#### Your instructions
Copy the entries exactly, through the "Nuna Kinderwagen-Organizer für" line.

[[ Supplied data open ]]

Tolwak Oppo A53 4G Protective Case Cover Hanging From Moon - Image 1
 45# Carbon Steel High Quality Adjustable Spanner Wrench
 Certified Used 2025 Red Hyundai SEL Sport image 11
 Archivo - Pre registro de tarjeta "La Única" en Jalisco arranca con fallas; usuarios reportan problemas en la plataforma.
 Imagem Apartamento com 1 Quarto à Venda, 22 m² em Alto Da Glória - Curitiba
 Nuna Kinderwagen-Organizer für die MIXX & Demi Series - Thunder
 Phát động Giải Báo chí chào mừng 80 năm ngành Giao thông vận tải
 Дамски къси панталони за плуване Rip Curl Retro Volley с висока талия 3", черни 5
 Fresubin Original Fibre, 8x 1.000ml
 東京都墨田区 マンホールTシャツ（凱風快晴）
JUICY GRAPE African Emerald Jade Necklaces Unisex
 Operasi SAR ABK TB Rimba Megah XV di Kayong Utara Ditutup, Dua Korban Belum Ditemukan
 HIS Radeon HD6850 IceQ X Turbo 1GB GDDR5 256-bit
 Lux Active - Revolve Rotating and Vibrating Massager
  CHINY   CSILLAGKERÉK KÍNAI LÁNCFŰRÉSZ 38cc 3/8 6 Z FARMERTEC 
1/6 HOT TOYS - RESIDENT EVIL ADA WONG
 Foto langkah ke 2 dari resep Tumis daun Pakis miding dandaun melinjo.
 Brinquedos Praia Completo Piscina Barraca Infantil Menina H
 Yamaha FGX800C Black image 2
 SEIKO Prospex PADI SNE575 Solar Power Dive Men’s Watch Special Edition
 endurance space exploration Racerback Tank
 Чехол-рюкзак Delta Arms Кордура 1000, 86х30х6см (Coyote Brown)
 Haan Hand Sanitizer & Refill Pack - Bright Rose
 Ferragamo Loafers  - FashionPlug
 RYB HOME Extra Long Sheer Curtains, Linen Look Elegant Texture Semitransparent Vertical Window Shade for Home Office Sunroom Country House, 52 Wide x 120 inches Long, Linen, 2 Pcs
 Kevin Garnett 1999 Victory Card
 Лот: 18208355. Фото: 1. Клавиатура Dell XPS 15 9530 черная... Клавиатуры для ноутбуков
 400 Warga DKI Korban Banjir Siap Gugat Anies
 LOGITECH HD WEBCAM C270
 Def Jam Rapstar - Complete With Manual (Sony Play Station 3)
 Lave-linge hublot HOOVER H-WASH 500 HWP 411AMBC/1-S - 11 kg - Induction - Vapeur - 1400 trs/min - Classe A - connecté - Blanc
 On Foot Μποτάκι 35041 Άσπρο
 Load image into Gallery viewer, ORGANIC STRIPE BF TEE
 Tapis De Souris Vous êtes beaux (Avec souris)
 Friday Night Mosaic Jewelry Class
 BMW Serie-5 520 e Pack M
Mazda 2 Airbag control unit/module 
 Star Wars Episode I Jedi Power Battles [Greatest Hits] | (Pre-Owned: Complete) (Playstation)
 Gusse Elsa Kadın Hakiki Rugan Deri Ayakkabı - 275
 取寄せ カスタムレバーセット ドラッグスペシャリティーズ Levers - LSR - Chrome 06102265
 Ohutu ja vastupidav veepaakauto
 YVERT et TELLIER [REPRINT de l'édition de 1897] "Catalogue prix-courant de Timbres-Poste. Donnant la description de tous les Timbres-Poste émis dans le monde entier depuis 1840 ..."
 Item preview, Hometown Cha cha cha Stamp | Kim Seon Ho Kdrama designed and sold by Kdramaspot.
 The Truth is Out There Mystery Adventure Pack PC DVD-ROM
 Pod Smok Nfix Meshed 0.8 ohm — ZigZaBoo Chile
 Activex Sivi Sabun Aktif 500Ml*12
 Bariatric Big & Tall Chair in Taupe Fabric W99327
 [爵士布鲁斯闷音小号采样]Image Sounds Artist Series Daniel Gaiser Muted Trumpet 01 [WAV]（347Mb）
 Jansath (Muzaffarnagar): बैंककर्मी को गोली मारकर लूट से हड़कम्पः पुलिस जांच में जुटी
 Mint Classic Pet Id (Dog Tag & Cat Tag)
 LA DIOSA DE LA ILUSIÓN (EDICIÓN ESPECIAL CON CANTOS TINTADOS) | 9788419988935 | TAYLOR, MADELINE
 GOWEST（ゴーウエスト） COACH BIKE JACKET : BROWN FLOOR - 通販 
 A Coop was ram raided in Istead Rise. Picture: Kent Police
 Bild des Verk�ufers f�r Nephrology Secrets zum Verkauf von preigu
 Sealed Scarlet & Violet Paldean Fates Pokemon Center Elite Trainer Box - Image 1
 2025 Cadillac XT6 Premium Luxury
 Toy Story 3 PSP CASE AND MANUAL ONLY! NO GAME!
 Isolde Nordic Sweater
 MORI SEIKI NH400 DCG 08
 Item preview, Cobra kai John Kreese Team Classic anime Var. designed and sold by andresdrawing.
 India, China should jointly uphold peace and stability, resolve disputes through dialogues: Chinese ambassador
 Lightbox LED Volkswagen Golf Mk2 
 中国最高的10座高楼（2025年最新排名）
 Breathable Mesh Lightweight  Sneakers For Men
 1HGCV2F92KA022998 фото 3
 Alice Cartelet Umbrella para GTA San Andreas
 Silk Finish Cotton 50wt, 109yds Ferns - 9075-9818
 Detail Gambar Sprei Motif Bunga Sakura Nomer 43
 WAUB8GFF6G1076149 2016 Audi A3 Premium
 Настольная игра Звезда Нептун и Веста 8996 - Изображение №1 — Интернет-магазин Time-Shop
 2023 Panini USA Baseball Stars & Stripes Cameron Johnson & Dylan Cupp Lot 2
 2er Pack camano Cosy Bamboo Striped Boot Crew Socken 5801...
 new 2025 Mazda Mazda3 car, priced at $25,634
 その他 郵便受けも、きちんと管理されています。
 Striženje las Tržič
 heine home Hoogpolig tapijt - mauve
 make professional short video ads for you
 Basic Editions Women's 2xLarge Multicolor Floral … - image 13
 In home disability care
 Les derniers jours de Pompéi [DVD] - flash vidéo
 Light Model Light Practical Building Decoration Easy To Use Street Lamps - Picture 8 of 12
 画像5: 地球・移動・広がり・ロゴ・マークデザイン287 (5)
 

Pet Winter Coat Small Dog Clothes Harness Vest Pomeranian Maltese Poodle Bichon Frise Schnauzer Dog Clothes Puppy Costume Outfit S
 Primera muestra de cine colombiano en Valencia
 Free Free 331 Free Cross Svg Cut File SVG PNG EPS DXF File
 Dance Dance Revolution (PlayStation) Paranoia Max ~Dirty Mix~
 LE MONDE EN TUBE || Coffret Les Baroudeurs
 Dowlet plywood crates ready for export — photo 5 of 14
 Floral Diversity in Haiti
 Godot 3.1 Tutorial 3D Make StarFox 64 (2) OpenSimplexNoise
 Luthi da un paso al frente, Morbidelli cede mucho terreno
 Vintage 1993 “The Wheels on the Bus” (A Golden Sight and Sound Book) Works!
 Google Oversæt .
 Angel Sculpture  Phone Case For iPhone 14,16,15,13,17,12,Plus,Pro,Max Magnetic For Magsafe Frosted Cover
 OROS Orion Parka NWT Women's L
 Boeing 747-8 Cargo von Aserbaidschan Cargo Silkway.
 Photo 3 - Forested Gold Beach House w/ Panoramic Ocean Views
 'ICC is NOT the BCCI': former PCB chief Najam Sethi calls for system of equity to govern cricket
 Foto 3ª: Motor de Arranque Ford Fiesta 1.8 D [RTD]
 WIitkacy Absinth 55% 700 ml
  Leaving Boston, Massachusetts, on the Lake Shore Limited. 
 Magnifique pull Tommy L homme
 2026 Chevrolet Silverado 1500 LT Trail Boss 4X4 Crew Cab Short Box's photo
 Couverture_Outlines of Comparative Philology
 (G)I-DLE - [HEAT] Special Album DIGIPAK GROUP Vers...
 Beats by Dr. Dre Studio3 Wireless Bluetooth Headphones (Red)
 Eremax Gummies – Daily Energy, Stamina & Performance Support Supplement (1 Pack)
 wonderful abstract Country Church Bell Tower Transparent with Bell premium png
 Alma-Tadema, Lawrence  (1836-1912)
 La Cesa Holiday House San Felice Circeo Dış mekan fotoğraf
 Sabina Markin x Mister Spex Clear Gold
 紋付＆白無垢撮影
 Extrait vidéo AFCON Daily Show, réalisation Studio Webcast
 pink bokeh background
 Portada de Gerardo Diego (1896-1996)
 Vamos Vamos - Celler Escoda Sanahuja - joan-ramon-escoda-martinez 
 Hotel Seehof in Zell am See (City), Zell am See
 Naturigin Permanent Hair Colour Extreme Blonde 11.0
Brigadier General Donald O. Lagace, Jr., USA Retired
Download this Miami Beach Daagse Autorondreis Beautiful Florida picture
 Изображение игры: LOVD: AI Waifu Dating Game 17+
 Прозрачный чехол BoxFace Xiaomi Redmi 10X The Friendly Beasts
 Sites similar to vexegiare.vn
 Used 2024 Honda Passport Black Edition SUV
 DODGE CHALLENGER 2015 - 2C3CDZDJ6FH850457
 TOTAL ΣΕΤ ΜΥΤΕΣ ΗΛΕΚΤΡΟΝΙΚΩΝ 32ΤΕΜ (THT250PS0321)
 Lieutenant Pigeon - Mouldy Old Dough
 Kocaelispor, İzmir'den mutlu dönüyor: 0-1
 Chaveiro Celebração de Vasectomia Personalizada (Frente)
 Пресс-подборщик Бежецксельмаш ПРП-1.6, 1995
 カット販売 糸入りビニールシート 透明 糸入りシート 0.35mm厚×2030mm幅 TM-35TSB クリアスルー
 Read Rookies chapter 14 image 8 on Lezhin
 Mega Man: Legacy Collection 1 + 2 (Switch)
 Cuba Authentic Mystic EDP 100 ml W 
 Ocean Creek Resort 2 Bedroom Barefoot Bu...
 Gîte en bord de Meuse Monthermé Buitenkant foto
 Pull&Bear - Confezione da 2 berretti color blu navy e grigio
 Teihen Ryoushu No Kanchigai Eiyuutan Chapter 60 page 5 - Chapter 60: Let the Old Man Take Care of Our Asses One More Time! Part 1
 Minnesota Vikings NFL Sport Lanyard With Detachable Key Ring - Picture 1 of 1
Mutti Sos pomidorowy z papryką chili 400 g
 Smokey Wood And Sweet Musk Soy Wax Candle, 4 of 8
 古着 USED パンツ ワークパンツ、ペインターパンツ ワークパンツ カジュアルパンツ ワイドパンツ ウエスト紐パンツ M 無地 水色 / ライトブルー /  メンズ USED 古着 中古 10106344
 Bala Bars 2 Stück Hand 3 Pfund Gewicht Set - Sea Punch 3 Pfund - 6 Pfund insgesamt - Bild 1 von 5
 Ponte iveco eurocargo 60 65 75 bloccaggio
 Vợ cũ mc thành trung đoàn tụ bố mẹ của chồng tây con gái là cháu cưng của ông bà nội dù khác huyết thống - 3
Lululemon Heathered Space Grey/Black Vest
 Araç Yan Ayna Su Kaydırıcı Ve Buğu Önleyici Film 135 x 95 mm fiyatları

[[ Supplied data closed ]]

#### Exercise answer
Tolwak Oppo A53 4G Protective Case Cover Hanging From Moon - Image 1
 45# Carbon Steel High Quality Adjustable Spanner Wrench
 Certified Used 2025 Red Hyundai SEL Sport image 11
 Archivo - Pre registro de tarjeta "La Única" en Jalisco arranca con fallas; usuarios reportan problemas en la plataforma.
 Imagem Apartamento com 1 Quarto à Venda, 22 m² em Alto Da Glória - Curitiba
 Nuna Kinderwagen-Organizer für die MIXX & Demi Series - Thunder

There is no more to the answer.